THE WEEKLY STANDARD
by Nicholas Eberstadt
May 19, 2014
May 22, 2014, marks the 50th anniversary of President Lyndon Baines Johnson’s “Great Society” address, delivered at the spring commencement for the University of Michigan. That speech remains the most ambitious call to date by any president (our current commander in chief included) to use the awesome powers of the American state to effect a far-reaching transformation of the society that state was established to serve. It also stands as the high-water mark for Washington’s confidence in the broad meliorative properties of government social policy, scientifically applied.
No less important, the Great Society pledge, and the fruit this would ultimately bear, profoundly recast the common understanding of the ends of governance in our country. The address heralded fundamental changes—some then already underway, others still only being envisioned—that would decisively expand the scale and scope of government in American life and greatly alter the relationship between that same government and the governed in our country today.
In his oration, LBJ offered a grand vision of what an American welfare state—big, generous, and interventionist—might accomplish. Difficult as this may be for most citizens now alive to recall, the United States in the early 1960s was not yet a modern welfare state: Our only nationwide social program in those days was the Social Security system, which provided benefits for workers’ retirement and disability and for orphaned or abandoned children of workers. Johnson had gradually been unveiling this vision, starting with his declaration of a “War on Poverty” in his first State of the Union months earlier in 1964, just weeks after John F. Kennedy’s assassination. In LBJ’s words, “The Great Society rests on abundance and liberty for all. It demands an end to poverty and racial injustice, to which we are totally committed in our time. But that,” he said, “is just the beginning.”
…..Acccording to the official poverty rate, the proportion of our population below the poverty line was dropping rapidly in the years immediately before the War on Poverty was fully underway. In the seven years between 1959 and 1966, according to the Census Bureau, the proportion of our country living in poverty dropped by about a third, from 22.4 to 14.7 percent. Since then, however, the official poverty rate has been essentially stuck. It reached an all-time low of 11.1 percent in 1973, in the Nixon era, then drifted uncertainly back upward. For the year 2012, the most recent such data available, the national poverty rate was 15.0 percent—slightly higher, in other words, than back in 1966.
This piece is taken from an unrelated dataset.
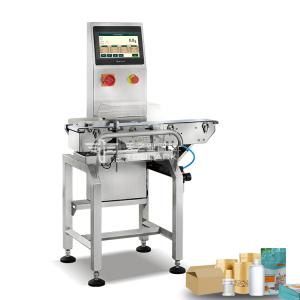 Food Check Weigher Checkweigher Scale For Packing Machine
The official poverty picture looks even worse the more closely one focuses on it. According to those same official numbers, the poverty rate for all families was no lower in 2012 than in 1966. The poverty rate for American children under 18 is higher now than it was then. The poverty rate for the working-age population (18-64) is also higher now than back then. The poverty rate for whites is higher now than it was then. Poverty rates for Hispanic Americans have been tracked only since 1972—but these likewise are higher today than back then. Shocking as this may sound, only a few groups within our society—most importantly, Americans 65 and older and African Americans of all ages—registered any appreciable improvement in poverty rates between 1966 and 2012.